In this activity, replication of the image of a graph was performed by relating the pixel locations and physical values of the data points. By using Paint, the scanned image of the graph showing the number of observed asteroids (in logarithmic form) with brightness from 9.0 (magnitude) from the book entitled “The System of Minor Planets” by Gunter D. Roth (1962) was opened. The tick marks were recorded as well as their pixel locations. The x-axis which corresponds to the brightness of asteroids began at 9 and end to 17 with an increment of 1. On the other hand, the y-axis of the graph which shows the number of asteroids in logarithmic form started from 0 up to 3.5 with an increment of 0.5. Since the increments in each axis are equal, the difference between the pixel locations of the tick marks must also be the same. However, there are small deviations from what I got using Paint. So, I took the average of the differences of the pixel locations of the tick marks in the x and y axes, noting that for the horizontal axis, the y-coordinates are the same and in the vertical axis, the x-coordinates are equal. The average values for x and y-axis are 72.57 and 74.17, respectively. The ratio between the increment of the physical value of the tick marks and their averaged pixel location difference were taken. This was used to measure the physical value of the points in the graph given their pixel locations.
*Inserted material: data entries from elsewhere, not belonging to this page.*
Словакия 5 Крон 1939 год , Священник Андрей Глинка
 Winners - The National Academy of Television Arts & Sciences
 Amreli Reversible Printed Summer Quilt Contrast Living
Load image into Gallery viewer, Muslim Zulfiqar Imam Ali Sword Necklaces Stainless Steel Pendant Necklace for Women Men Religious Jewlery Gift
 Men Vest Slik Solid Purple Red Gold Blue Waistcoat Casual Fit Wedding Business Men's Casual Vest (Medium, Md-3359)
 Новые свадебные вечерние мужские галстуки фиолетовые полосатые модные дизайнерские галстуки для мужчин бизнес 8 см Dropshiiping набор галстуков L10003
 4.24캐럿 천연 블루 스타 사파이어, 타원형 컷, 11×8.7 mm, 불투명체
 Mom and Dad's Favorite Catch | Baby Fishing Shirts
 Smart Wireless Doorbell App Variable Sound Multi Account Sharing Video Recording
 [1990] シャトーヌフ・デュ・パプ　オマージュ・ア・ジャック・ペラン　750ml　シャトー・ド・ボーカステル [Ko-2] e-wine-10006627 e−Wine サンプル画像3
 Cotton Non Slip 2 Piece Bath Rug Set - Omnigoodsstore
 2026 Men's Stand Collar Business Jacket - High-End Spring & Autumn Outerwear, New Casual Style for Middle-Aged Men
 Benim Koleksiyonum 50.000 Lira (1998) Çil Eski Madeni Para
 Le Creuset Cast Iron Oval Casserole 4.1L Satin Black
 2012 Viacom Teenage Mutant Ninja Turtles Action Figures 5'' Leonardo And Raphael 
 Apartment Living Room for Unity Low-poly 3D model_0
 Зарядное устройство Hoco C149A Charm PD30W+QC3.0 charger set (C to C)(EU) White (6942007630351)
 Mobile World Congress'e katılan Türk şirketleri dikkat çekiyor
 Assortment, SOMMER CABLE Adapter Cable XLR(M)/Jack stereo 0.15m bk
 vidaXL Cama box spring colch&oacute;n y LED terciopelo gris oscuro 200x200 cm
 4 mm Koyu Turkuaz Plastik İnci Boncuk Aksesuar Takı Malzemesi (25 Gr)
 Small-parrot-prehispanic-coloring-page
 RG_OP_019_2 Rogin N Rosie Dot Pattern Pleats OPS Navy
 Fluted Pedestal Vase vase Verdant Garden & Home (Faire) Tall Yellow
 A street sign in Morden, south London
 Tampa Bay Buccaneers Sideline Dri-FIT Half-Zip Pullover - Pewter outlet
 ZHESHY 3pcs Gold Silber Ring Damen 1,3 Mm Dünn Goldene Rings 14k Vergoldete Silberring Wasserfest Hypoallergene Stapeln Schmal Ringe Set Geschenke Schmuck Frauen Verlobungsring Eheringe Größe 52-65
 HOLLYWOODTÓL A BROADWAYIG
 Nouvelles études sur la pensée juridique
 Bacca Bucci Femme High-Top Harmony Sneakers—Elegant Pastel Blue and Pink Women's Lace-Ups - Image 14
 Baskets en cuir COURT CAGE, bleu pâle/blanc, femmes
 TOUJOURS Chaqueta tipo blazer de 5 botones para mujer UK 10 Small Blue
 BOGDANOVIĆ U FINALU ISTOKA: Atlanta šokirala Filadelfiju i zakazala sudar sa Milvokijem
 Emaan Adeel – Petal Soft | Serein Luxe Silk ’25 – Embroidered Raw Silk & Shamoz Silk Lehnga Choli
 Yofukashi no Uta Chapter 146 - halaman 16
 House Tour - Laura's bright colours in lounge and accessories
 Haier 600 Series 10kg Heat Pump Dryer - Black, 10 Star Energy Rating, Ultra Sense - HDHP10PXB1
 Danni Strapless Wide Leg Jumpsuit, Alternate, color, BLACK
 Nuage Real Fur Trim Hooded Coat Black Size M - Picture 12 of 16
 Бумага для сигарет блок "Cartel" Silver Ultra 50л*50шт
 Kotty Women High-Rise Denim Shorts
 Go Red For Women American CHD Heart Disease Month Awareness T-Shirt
For the physical value of the data points along the x-axis, the pixel location of each point was subtracted to the x-axis pixel location of (9, 0) since it is the starting point in the horizontal axis. This was then multiplied with the ratio obtained. Finally, 9 was added from the product to account for the starting point of the x-axis. Similar procedure was done to obtain the physical value of the points in the y-axis. However, it must be reminded that in Paint software, the value of the y-axis increases as we go downward (opposite of that in the graph). So, the y-coordinate pixel location of the starting point (9, 0) was subtracted to the pixel location of the point and then multiplied with the ratio obtained. All this computations were done using Microsoft Excel 2007.

The physical x and y values of the data points in the graph were then plotted in Excel. To check whether the obtained physical values matched with that in the scanned image of the graph, the image was overlaid from the plot. This was done by right clicking the plot and choosing “Format Plot Area”. From the dialog box, go to “Fill” and click “Picture of texture fill”. Then, insert the image from the File and then close the dialog box. The scanned image must be cropped properly such that only the graph is being shown for accurate comparison with the reconstructed plot. The last figure shows the scanned image overlaid with the reconstructed plot. It can be seen that the calculated physical values of the data points matched almost perfectly with that from the image.

I would like to acknowledge Mr. Jay Samuel Combinido for giving helpful suggestions in improving my plot and our teachers, Dr. Soriano and Dr. Perez for their assistance. For this activity, I give myself a grade of 8 because there is still very small difference between the scanned image and the reconstructed one.